歴代学長の中で“文武両道”という言葉が最も似合う人物が岡村 甫 先生だ。小学生から野球を始め、中学時代は県大会で優勝。1957年に土佐高校から東京大学工学部土木工学科へ進学すると、 硬式野球部で投手として活躍し、東京六大学野球で記録した通算17勝は、現在も東大野球部の最多勝利記録として残っている。現役引退後は指導者も経験しており、この一連の“野球道”で培った分析力や精神力が、 後に研究者・教育者としての道を切り拓いていく。

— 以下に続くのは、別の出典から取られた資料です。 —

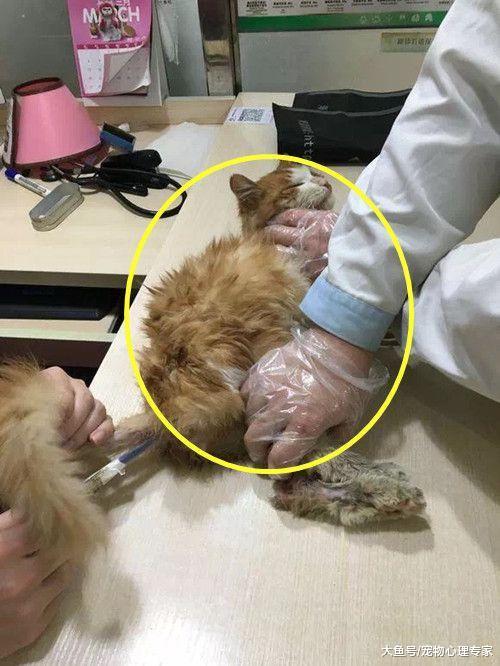 女子撿到流浪貓，被朋友嫌棄貓咪不好看，幾個月后竟成功逆襲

学業・研究面ではコンクリート界の第一人者である國分 正胤(こくぶ・まさたね) 先生との出会いがきっかけで、コンクリート研究の道に進む。1966年に大学院の博士課程を修了し、 同年、研究員としてテキサス大学へ赴任。帰国後、助教授、教授としてコンクリートの研究に邁進する傍ら、イギリス、アメリカ、タイの大学で客員教授を務め、国際的な視野を広げていく。

1968年 テキサス大学キャンパスの様子

岡村先生の30代~40代の研究テーマは「鉄筋コンクリートの非線形解析」と呼ばれるもので、鉄筋コンクリートが外部から力を受けたときの挙動を表す解析システムを確立した。この解析プログラムを使えば、地震発生時の鉄筋コンクリート構造物の安全性がチェックできるため、建設業界で広く使われている。また地下鉄など地下構造物の耐震診断ができる唯一のものであり、1995年の阪神・淡路大震災以降、首都高速道路や全国各地の地下構造物の耐震診断に用いられた。

著書:鉄筋コンクリートの非線形解析

また自己充填コンクリートの開発も、世界が認める岡村先生の研究成果の一つだ。通常、コンクリートは締め固めが不可欠であるが、高度経済成長期、各地で施工不良が頻発していた。「良いコンクリート構造物を造る!」という思いから、岡村先生は施工不良撲滅を目指し動き始める。

1989年 自己充填コンクリートの公開実験

一般的に施工不良の原因の多くは現場での締め固め不足で、作業自体が困難な現場もあった。岡村先生は「施工不良を無くすには、締め固め不要のコンクリートを作ればいい」と発想を飛躍させ、流し込んだコンクリートが型枠の隅々まで均等に流れ込むよう、流動性の高い自己充填コンクリートを開発。これが1998年に供用を開始した明石海峡大橋のアンカレッジに採用され、遅れていた工期を半年間早めたほか、これまでに世界中のさまざまな構造物に利用されている。